Tables with multiple geographic levels
Some tables, e.g. “laby04” has multiple geographic levels. This table has a grouping of municipalities and then the individual municipalities. To ensure that the individuals and groups are enriched properly, we have to take the different levels into account in the method.
S3 methods
Below you can find the description of each S3-class that is used (/abused) to enrich the statistical data with geographic information. It is sectioned by the geographic grouping of the dataset. Before we dive into the specific classes, I will first outline the general idea. For more information on the specific terminology used, please consult Wickham (2019).
Classes
Each type of geographic variable has its own S3 class. The class is
determined by what observations is included in the variable. The
class-assignment is done by a series of custom class-constructors called
new_dkstat_*()
. One example is
new_dkstat_Denmark_municipality_07()
which assigns the S3
class dkstat_Denmark_municipality_07
to a dataset. The
class is assigned “after the fact”, as Wickham calls it, ensuring that
the usual behaviour of a data.frame is preserved, through inheritance
for all the functions that don’t know about these special classes
(e.g. the dplyr functions). Thus, the dkstat-classes are
subclasses of data.frame
. The class names are derived from
the API and maps 1:1 to the map
value that is returned for
geographic variables.
Method dispatch
The S3 generic can be found in geodk::geodk_enrich()
.
The individual methods also live in geodk. This is to not
take on geodk as a dependency in dkstat.
The S3 method for the municipality group (Denmark_municipality_07) from
above is called
geodk_enrich.dkstat_Denmark_municipality_07()
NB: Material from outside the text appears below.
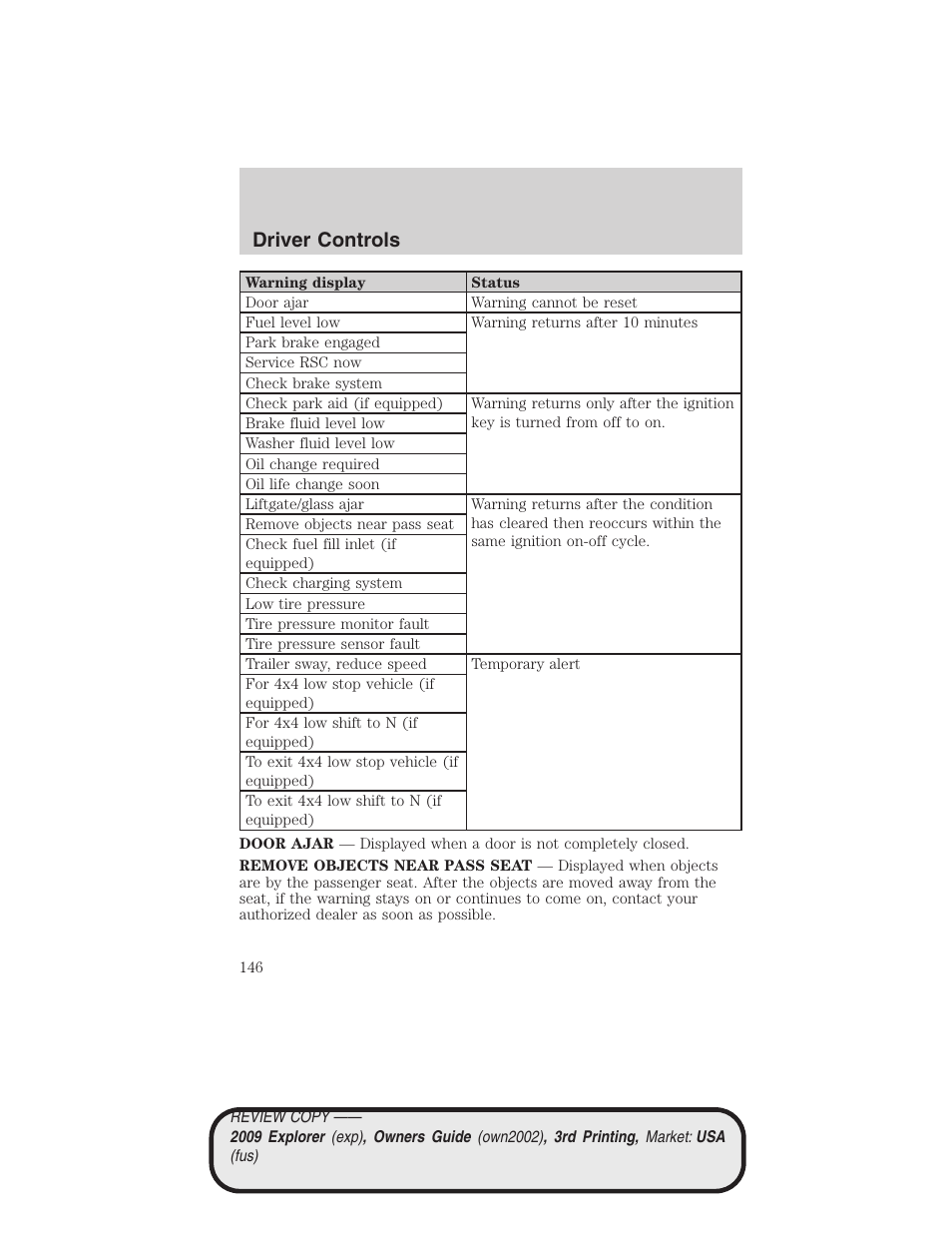 Driver controls | FORD 2009 Explorer v.3 User Manual | Page 146 / 405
. Please open an issue if you
would like to help add a method from another data source.
Custom classes
The API provides 14 different map-levels from which I have based the
classes. This makes it very easy to add the right one. In
dkstat data-raw/dst_map.R
you can find a
script that checks all tables for map variables and adds each
new one to a list. This gives the below vector.
#> [1] "Denmark_municipality_07" "Verden_dk2"
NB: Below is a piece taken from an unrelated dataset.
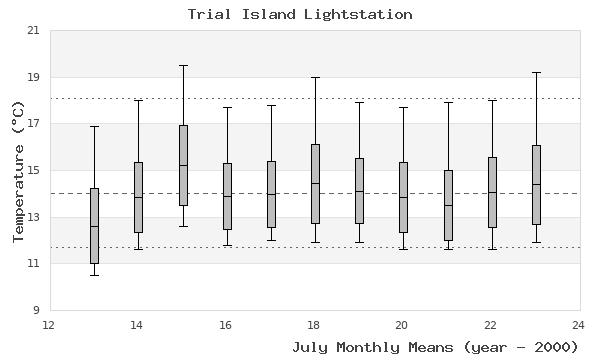 graph of monthly means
#> [3] "denmark_cities_19" "denmark_parish_23_4c"
#> [5] "denmark_municipalitygroups_24" "Denmark_region_07"
#> [7] "Denmark_rural_07" "denmark_multimember_constituency_23"
#> [9] "denmark_deanary_23" "europe_dk"
#> [11] "Verden_dk" "Europa_DK3"
#> [13] "Denmark_county" "Verden_dk4"
Some of the geographic levels, such as “Verden_dk” includes other countries. This data is not available from geodk thus leading to a message for the user informing them of this and then asking if it should add geometry for Denmark.
Denmark_municipality_07 - Municipalities and groups
The municipality grouping that are specified by Statistics Denmark are described on this website. This grouping includes both the individual municipality and five groupings. Take a look at the link if you would like to learn more. In the geodk backend I have created a list containing all the municipality names with both Statistics Denmark-naming and geodk-naming. In addition to that, the list is ordered by the municipality grouping.
This grouping is assigned the
dkstat_Denmark_municipality_07
class in addition to the
data.frame
class it already has.
The method for dkstat_Denmark_municipality_07
first
filters the groupings from the individual municipalities. A list of the
individual municipalities and groupings, along with their specific ids
is stored in geodk. It is not exported to the user.
After filtering, it assigns the individual municipality geometries. The grouping geometries are also assigned as well as a column indicating the geographic nature of the observation - Is it a overall grouping or an individual municipality?
The municipalities that make up the groupings are split per group and
run through sf::st_union()
to be returned as a
sf
geometry per group.